### Problem description
Keep only the lines from the start of the data through the line containing "To decontaminate the", and output them exactly.

Records excerpted from a collection:
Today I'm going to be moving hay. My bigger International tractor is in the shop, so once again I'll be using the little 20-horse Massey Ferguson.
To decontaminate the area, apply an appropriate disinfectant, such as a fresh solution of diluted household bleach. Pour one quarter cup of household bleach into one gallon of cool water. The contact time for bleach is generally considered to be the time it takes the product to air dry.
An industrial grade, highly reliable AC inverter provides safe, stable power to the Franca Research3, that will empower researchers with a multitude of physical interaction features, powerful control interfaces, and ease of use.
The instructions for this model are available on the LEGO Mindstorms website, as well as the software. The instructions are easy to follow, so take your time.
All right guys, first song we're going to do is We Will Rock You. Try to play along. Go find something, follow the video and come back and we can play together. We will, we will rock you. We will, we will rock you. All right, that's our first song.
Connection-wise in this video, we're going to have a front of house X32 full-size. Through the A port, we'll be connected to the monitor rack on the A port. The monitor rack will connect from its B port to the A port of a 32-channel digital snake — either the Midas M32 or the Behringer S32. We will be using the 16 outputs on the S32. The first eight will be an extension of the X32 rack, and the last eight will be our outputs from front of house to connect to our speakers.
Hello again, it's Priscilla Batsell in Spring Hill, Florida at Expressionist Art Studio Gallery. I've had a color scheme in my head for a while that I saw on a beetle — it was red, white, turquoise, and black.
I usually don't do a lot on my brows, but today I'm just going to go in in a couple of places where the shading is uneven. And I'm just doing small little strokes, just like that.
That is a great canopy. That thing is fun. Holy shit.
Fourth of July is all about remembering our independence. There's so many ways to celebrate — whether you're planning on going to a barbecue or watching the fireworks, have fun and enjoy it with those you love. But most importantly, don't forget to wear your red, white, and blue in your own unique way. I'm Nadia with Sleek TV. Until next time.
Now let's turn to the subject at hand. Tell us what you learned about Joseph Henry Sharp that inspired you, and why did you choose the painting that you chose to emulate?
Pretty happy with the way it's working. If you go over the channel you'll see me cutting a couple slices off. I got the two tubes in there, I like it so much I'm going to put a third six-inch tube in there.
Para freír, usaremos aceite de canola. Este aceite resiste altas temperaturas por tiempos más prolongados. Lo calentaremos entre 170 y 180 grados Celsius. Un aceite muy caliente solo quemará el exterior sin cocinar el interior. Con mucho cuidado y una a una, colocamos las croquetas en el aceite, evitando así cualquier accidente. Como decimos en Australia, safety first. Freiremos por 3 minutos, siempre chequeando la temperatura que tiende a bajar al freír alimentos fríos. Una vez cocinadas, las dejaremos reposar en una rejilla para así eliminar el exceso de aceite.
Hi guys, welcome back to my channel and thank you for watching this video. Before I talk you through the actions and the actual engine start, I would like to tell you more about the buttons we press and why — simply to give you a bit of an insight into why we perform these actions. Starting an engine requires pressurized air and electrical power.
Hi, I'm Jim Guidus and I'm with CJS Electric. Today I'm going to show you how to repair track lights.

### Response to the task
Today I'm going to be moving hay. My bigger International tractor is in the shop, so once again I'll be using the little 20-horse Massey Ferguson.
To decontaminate the area, apply an appropriate disinfectant, such as a fresh solution of diluted household bleach. Pour one quarter cup of household bleach into one gallon of cool water. The contact time for bleach is generally considered to be the time it takes the product to air dry.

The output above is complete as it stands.